Alice has been testing us — because toddlers are evil, and this is what they do — which leaves Dave and I gaping at each other like idiots, loudly whispering over Alice’s head “I HAVE NO IDEA WHAT TO DO”, and “ME EITHER BUT MAN I FEEL LIKE GIGGLING!”, and “I KNOW! ME TOO!”

Last night, for instance, was one of those occasions where holding our shit together was nearly impossible. Alice goes through moods where she doesn’t want to eat dinner unless she’s sitting on one of our laps. Harmless enough when she had that double ear infection, right? Well. Only now she’s healthy; she just prefers my shrinking lap space over her more practical booster chair, because my bulging midsection offers the opportunity for her to hold pears up to my belly “for the baby” (no I didn’t teach her that; yes, it’s cute, but only the first three times and never afterwards when my shirt is splotched with wet pear marks).

Last night, we decided to be Mean Mom and Dad: “No, you have to sit in your chair if you want to eat.” Oooh, hear our intentions? Oh yeah, we meant that.

Oh. MAN — this was like that one time when … No, it’s even worse — She couldn’t even THINK of a time when we were being MORE UNFAIR. Oh! Drama! Wailing! Thrashing about on the floor, streams of tears running down her red face — there was no putting her in the chair, no talking her down from the ledge she worked her way toward. If she was the tweeting kind, this would end with a “#worstdayever” tag — I mean, you really have no idea how UNFAIR her parents are, OMG.

We tried the silly thing: “Where’s Alice?” we asked, looking everywhere around her chair. “Man, she should be in this chair.” Nothing. “Mr. Big’s going to get in your chair, then!” Let him, she cried, flinging her head onto my lap.

We were cool, calm and collected while issuing our demand. It was this giving of the middle finger to our ultimatum that sent our eyes wandering toward the nearest exit.

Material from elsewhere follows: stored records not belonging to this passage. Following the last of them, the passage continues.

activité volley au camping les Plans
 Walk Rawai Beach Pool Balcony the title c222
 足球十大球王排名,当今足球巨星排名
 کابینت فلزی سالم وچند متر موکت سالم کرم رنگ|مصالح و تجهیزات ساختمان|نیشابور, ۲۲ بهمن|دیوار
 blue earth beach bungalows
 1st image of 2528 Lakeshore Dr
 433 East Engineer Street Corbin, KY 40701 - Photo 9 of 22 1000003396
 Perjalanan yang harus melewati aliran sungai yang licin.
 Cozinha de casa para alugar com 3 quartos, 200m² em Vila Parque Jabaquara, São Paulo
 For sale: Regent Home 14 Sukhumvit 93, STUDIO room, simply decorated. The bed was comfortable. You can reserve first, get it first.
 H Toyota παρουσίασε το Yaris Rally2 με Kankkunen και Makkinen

Wait, we looked at each other, that was a “no”? Really? Should we ask again? Still no? Really? But … but it’s food ..? This went on long enough for us to both eat and play the Ignoring You card, long enough for her dinner to get that weird glazed-over look, long enough for me to put it back in the fridge.

But, really, we asked: How long do we let this go on? Is there a point where you have to let them win? See, at one end was our rational “do not back down” mentality; at the other was the pony we’d have to buy her if we gave in to this now. Ponies make lousy pets; I wasn’t giving in this early.

But, really? Really? I wasn’t even sure she’s developmentally able to understand that she just chose STARVATION.

About 45 minutes and some bad (as in good) “America’s Funniest Videos” later she was up for a few bites. But we may have just scarred her. I’m still not convinced she got the point. I’m not sure we did.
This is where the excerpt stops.